Top of DATA PROVIDED

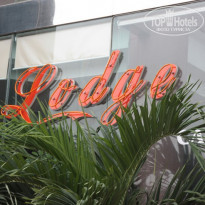 фото из отзыва ID 1540901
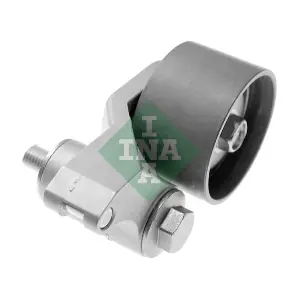 531 0660 20 Schaeffler INA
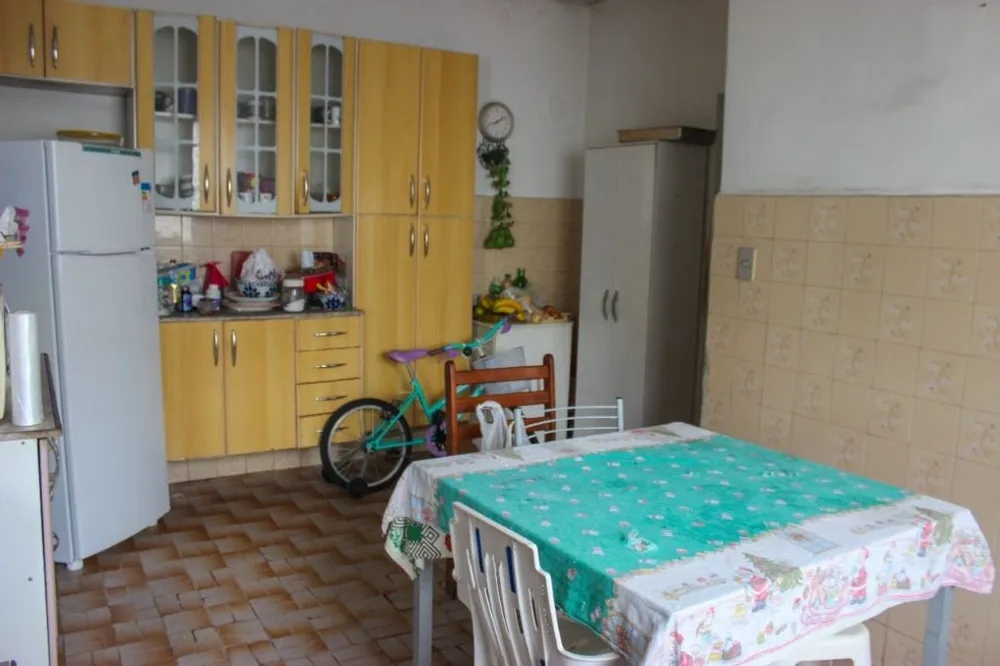 Terreno, 335 m² - Foto 2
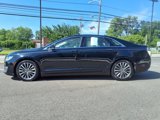 Used 2018 Lincoln MKZ Select w/ Select Plus Package image 5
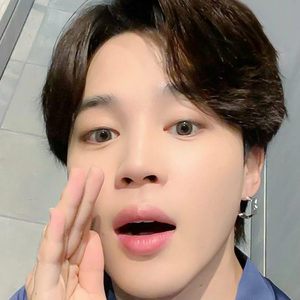 RubrikChimchim profile image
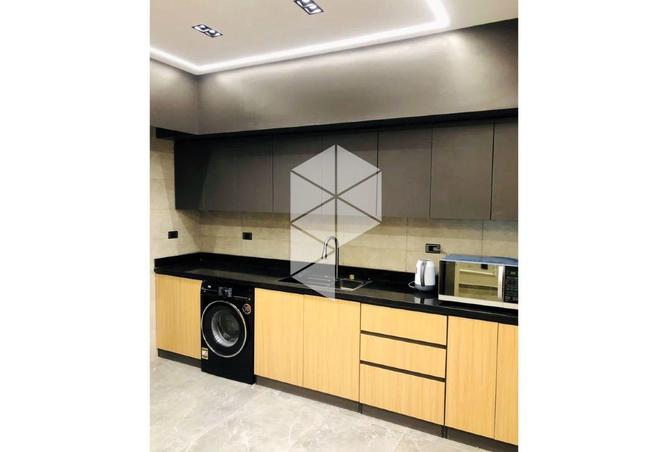 8292099 - Property Image 3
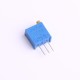 JIERR 3296W-1-103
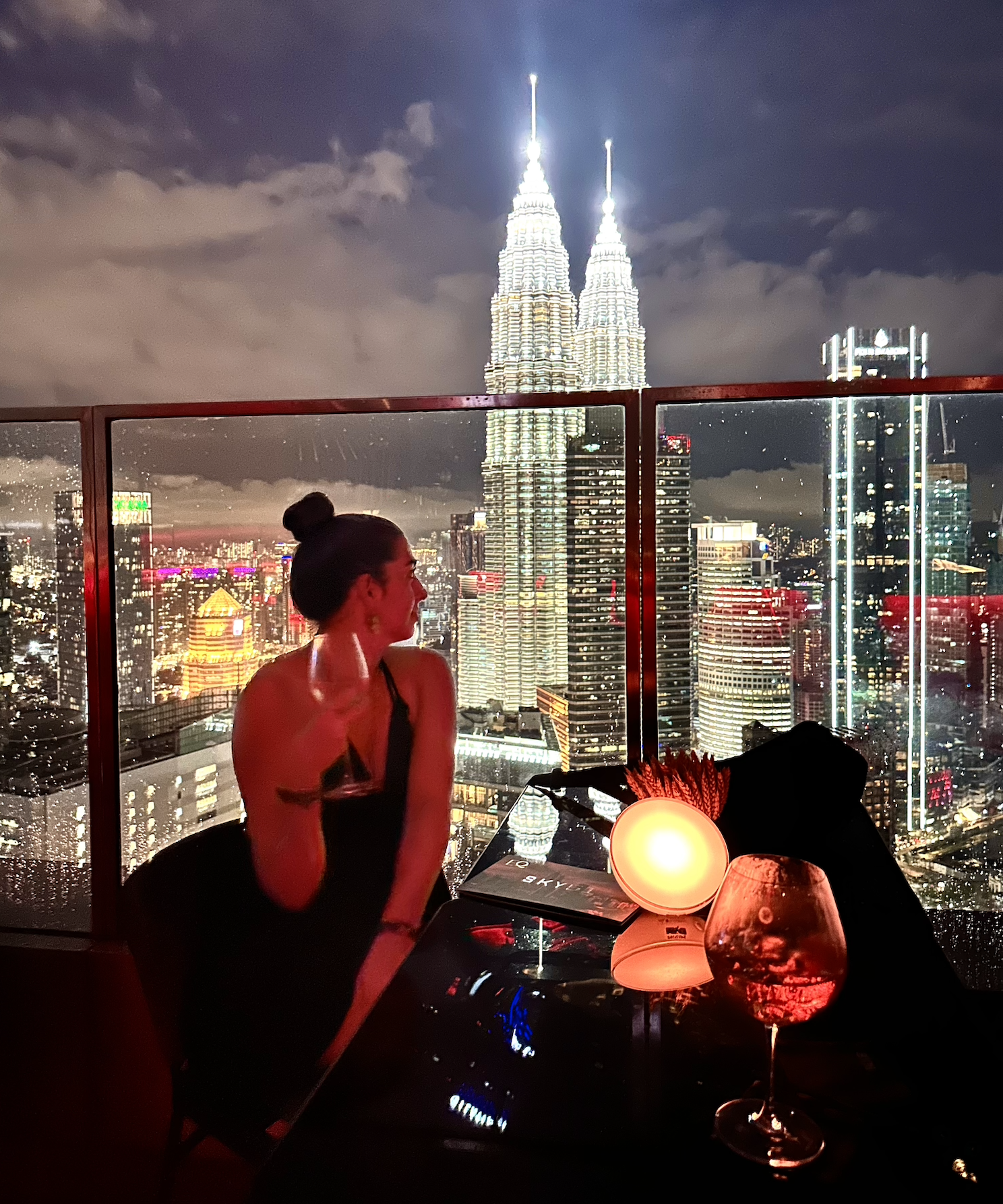 Screenshot 2024-02-12 at 14.27.38.png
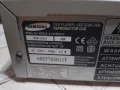 Samsung DVD S224, снимка 5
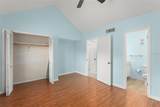 1220 Villa Lane - Photo 23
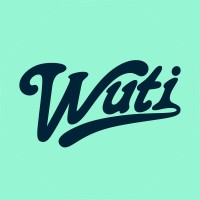 Women Under The Influence logo - Similar company to Story Force Entertainment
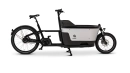Carqon Cruise Enviolo E2 400Wh
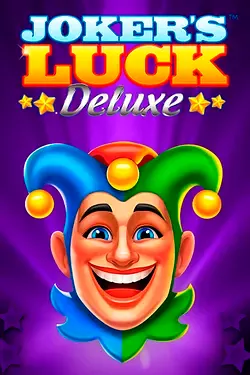Gioco delle slot3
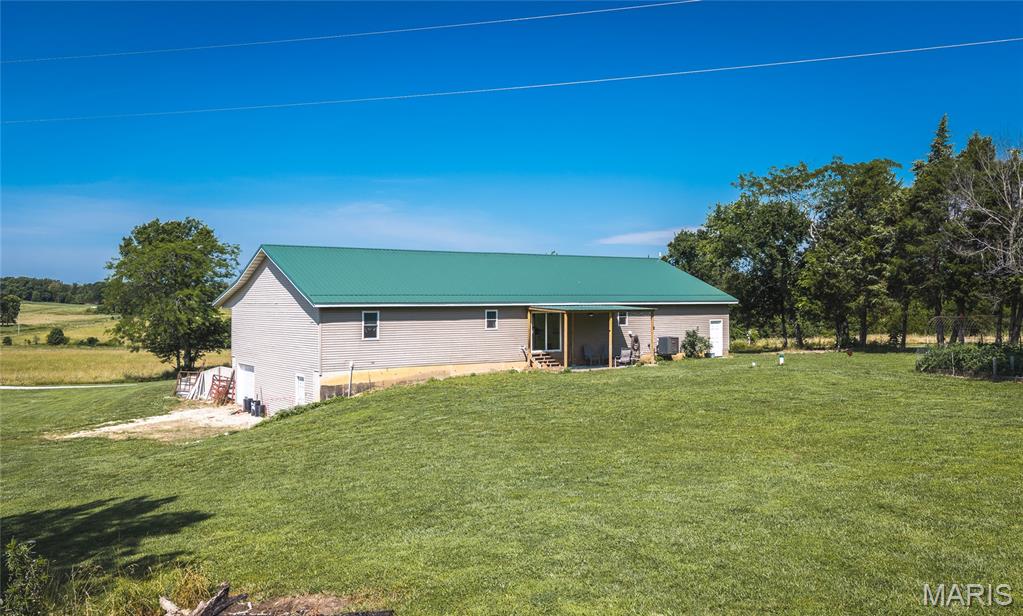 11875 County Road 5220 Property Photo 34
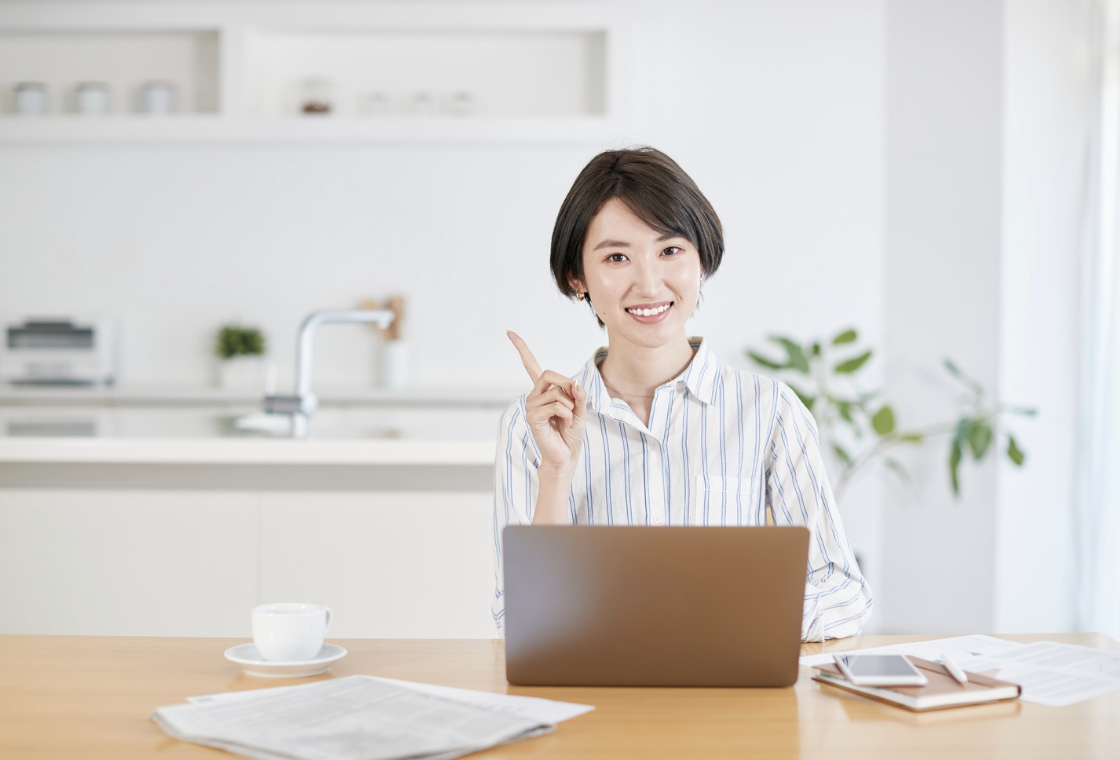NIPT併用時の注意点(対象疾患・情報・費用)のイメージ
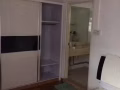 盛港192C，房间出租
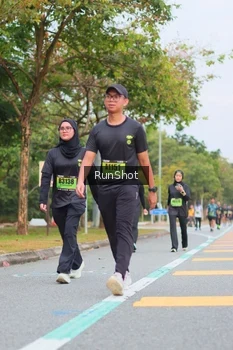 Runner Photo 5671006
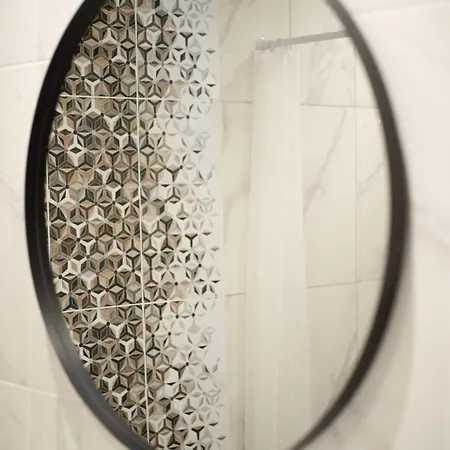 Les Maisons Bareyre - Grandes Maisons Avec Terrasse Casa vacanze Saint-Sandoux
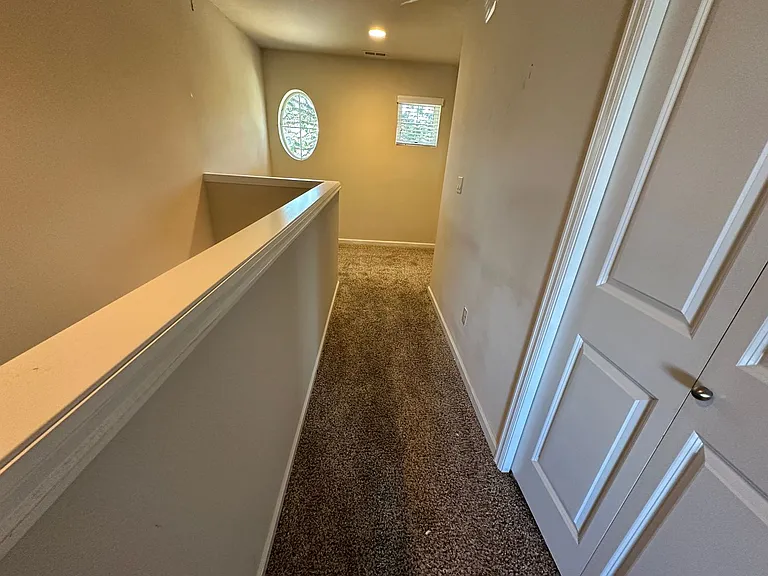 2687 Beehollow Ln NW — Photo 17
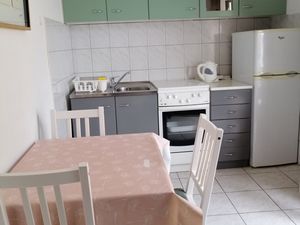 22491057-Ferienwohnung-3-Kustići-300x225-1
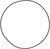 Vertex - Clutch Cover Gasket - 817988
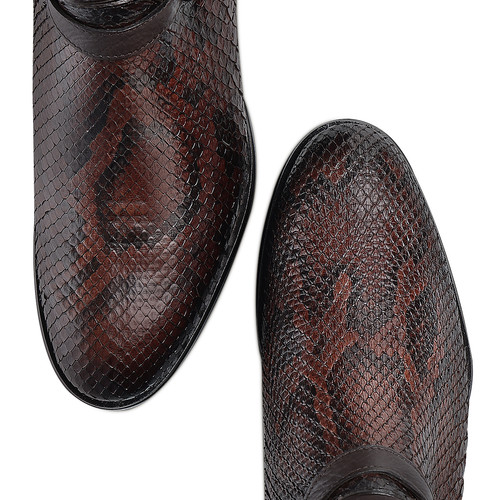 23TPMBD CHOCOLATE bota dama piton mol becerro milan 002 puntas.jpg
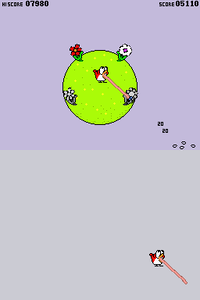 WWTouched Pyoro T Sky.png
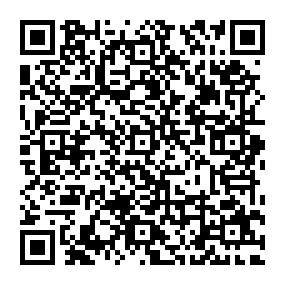 Partagez la fiche de la sépulture de   avec ce QRCode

Bottom of DATA PROVIDED

# YOUR OBJECTIVE
For this exercise, set down the lines in the entries above from the one with "Used 2018 Lincoln" through the one with "Women Under The" exactly as written, without any pictures.

# EXPECTED OUTPUT
 Used 2018 Lincoln MKZ Select w/ Select Plus Package image 5
 RubrikChimchim profile image
 8292099 - Property Image 3
 JIERR 3296W-1-103
 Screenshot 2024-02-12 at 14.27.38.png
 Samsung DVD S224, снимка 5
 1220 Villa Lane - Photo 23
 Women Under The Influence logo - Similar company to Story Force Entertainment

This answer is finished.